Reviewer: Ulysses, Paranormal Romance Guild
About The Book
In the future, a reporter uncovers a plot to change the DNA of selected young adults, abduct them, and cover up evidence that they ever existed. Her investigation takes her and three gay soldiers to Mars and eventually to the other side of the galaxy, where any misstep they make could doom the human race.
I got really caught up in this eerie sci-fi adventure, set a couple of centuries in the future in a surprisingly normal USA…normal except for the striking level of technological interface that has become routine in people’s lives.
The unexpected heroine of the story is, in her own words, a fat, black lesbian; an investigative journalist named Shonda Kinney. Shonda gets wind of a series of odd deaths associated with genetic engineering—something that can cure all sorts of genetically-linked diseases. As she starts digging into the mystery, she finds herself pursued by mysterious men in black.
All of this sounds like what you might expect in a sci-fi thriller, except for the fact that alternating chapters are voiced from the perspective of a group of entities known as the C10, which are beings entirely composed of pure cybernetic energy (as near as I could understand). This group is very old, and continually explores the universe for new sources of energy and knowledge. We are told right from the start that the C10 is trying to decide what to do about the human race.
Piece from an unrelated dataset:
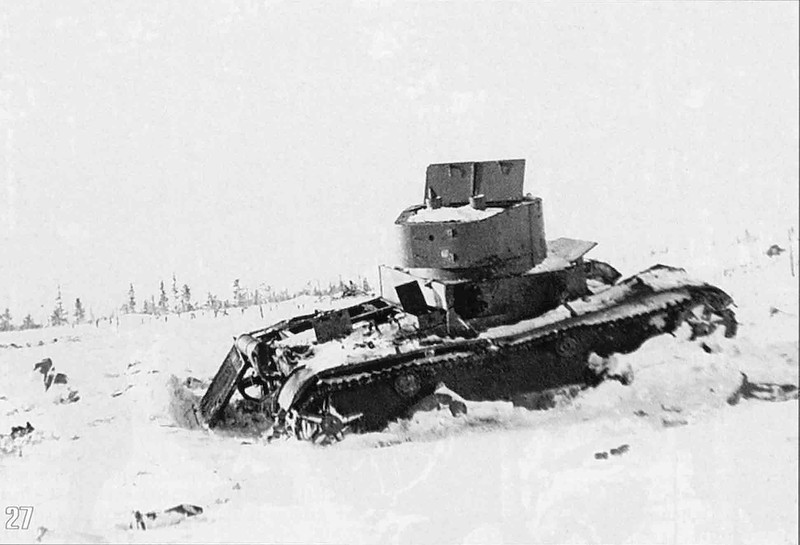 Подбитый телетанк 217-го ОТБ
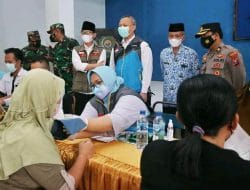 Jelang Nataru, Trengggalek Targetkan 70 persen Capaian Vaksinasi Covid-19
Shonda Kinney finds herself in the middle of it.
The four main characters in the story are Shonda, a young computer executive named Roger Hammersmith; a young Indian-American woman named Clarissa Vaas, and a Chinese-American college student named Ron Gao. Together they experience and adventure that challenges their understanding of the universe, and pushes the boundaries of their individual self-perception.
For all that, it is not a terrifying book, nor a particularly violent once. It is intellectually curious, pulling the reader along as the characters become familiar and the puzzle of the C10’s purpose becomes ever more clear. I suppose this makes it a psychological thriller, but the author keeps the core humanity of the characters—especially the completely-unprepared-for-heroism Shonda Kinney—firmly at the forefront.
There is as much wonder here as there is fear, and that careful mixture made this book a special read for me.
Ulysses Grant Dietz grew up in Syracuse, New York, where his Leave It to Beaver life was enlivened by his fascination with vampires, from Bela Lugosi to Barnabas Collins. He studied French at Yale, and was trained to be a museum curator at the University of Delaware. A curator since 1980, Ulysses has never stopped writing fiction for the sheer pleasure of it. He created the character of Desmond Beckwith in 1988 as his personal response to Anne Rice’s landmark novels. Alyson Books released his first novel, Desmond, in 1998. Vampire in Suburbia, the sequel to Desmond, is his second novel.
Ulysses lives in suburban New Jersey with his husband of over 41 years and their two almost-grown children.
By the way, the name Ulysses was not his parents’ idea of a joke: he is a great-great grandson of Ulysses S. Grant, and his mother was the President’s last living great-grandchild. Every year on April 27 he gives a speech at Grant’s Tomb in New York City.